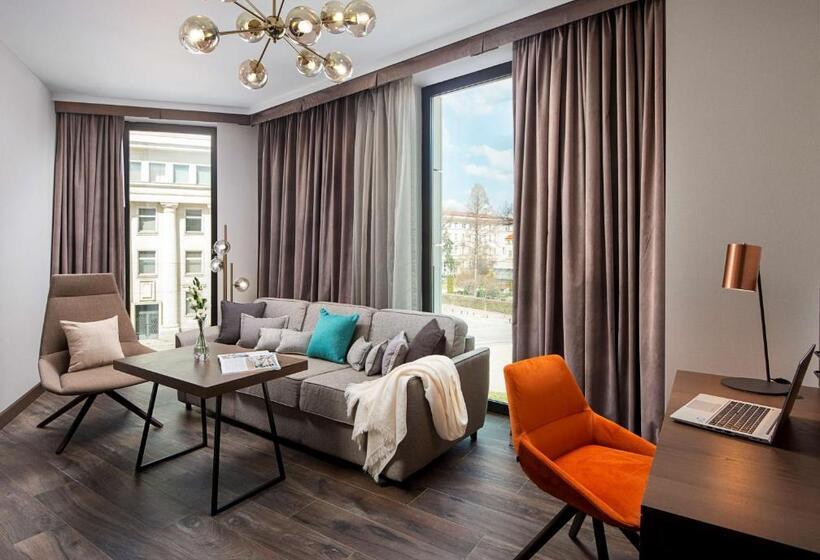 景色の見えるスイートルーム, Hyatt Regency Sofia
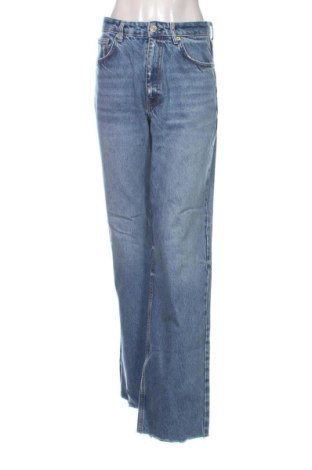 Blugi de femei Zara, Mărime S, Culoare Albastru, Preț 68,24 Lei, #137579559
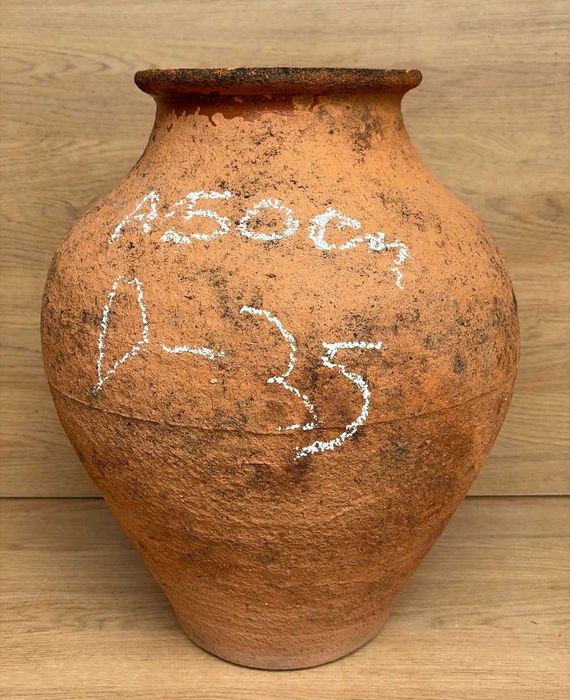 Pote centenario, em cerâmica de terracota,  com furo lateral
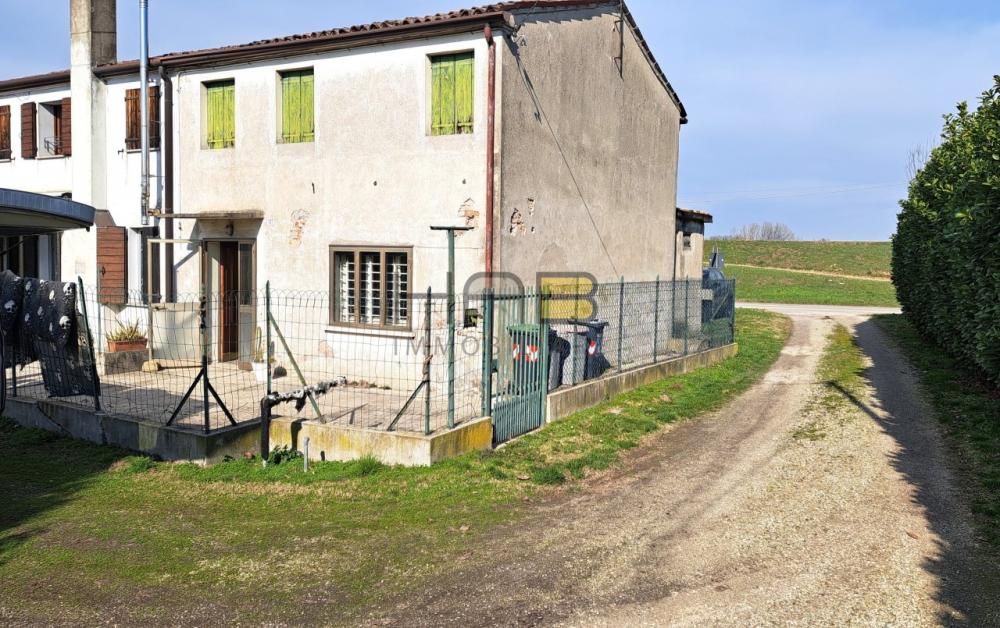 Villa indipendente trilocale in vendita a Roncaglia - Villa indipendente trilocale in vendita a Roncaglia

EXERCISE INSTRUCTIONS —
Pictures are to be excluded; all other material must be transcribed exactly.

ANSWER BOX —
 景色の見えるスイートルーム, Hyatt Regency Sofia
 Blugi de femei Zara, Mărime S, Culoare Albastru, Preț 68,24 Lei, #137579559
 Pote centenario, em cerâmica de terracota,  com furo lateral
 Villa indipendente trilocale in vendita a Roncaglia - Villa indipendente trilocale in vendita a Roncaglia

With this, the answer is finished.